Kent responded to the argument among many small craft brewers that challenging distributors, or even speaking openly against their influence, is too dangerous a line to cross.

“North Carolina unquestionably has the most favorable and most permissive laws for craft breweries of any state from Virginia to Texas,” Kent said. “It is a primary reason why this state has more than 250 breweries and continues to grow rapidly. Our favorable laws include the ability for craft breweries to distribute up to 25,000 barrels a year. It also provides them the opportunity to own and operate three retail operations in addition to the one at their brewery, privileges not afforded to craft brewers in other states. Our neighbors in South Carolina do not allow self-distribution of product.”

Kent said limits exist in North Carolina for effective tax collection and accountability of a regulated product.

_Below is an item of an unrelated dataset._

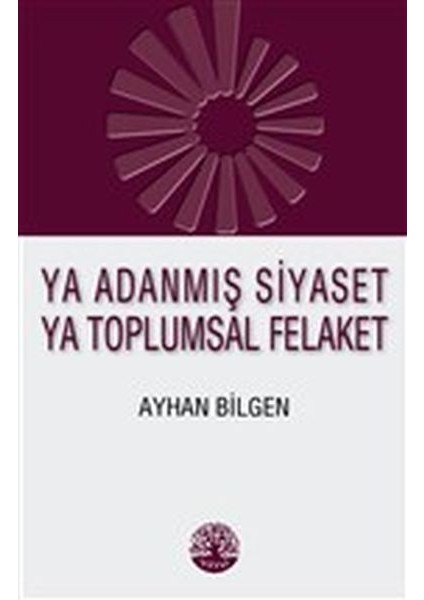 Ya Adanmış Siyaset Ya Toplumsal Felaket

“North Carolina has taken the position that alcohol, as a regulated product, needs an independent entity managing the distribution of products,” he said.

Canestorp turned in his brewers’ license April 30, 2015. He continues with his philanthropic work and has opened a craft-beer-themed burger restaurant in New Bern. He hopes to again open a brewery.

“If we do,” he says in the affidavit, “we will never use a distributor so long as the State of North Carolina enforces its misguided beer distribution laws.”

Cam Medina, a brewer at Greenville's Pitt Street Brewing Company, said the state law doesn't offer much help to those who wish to compete and stay small at the same time.

He said that he and many other independent craft brewers take pride in going up against the global mega-production manufacturers and distributors and promote their work with the seal of the Independent Craft Brewers Association, identifying it as small, traditional and independent.

Medina qualified his thoughts on the issue as his own and not necessarily representative of his brewery or any other.

“When you go into a shop in the market, up to 30 percent of those independent-appearing labels mislead consumers into thinking they are independently owned,” Medina said. “Without that seal, people might think their purchase of a particular craft beer is helping out the small, local independently-owned business. In reality, those companies have been bought by major distributors, and you're just redistributing that money to a larger corporation that ultimately doesn't want you to be in business, or if you are, they want the money.”

That is why the Craft brewers association seal is important, Medina said.

“In eastern North Carolina, no matter how popular craft breweries seem to be, most people drink Bud, Miller or Coors,” he said. “When you're trying to bring a beer culture to places like Greenville, the big breweries that (undercut) the smaller ones are taking away the option for people to explore their local craft breweries. When that happens, they're screwing the little guy.”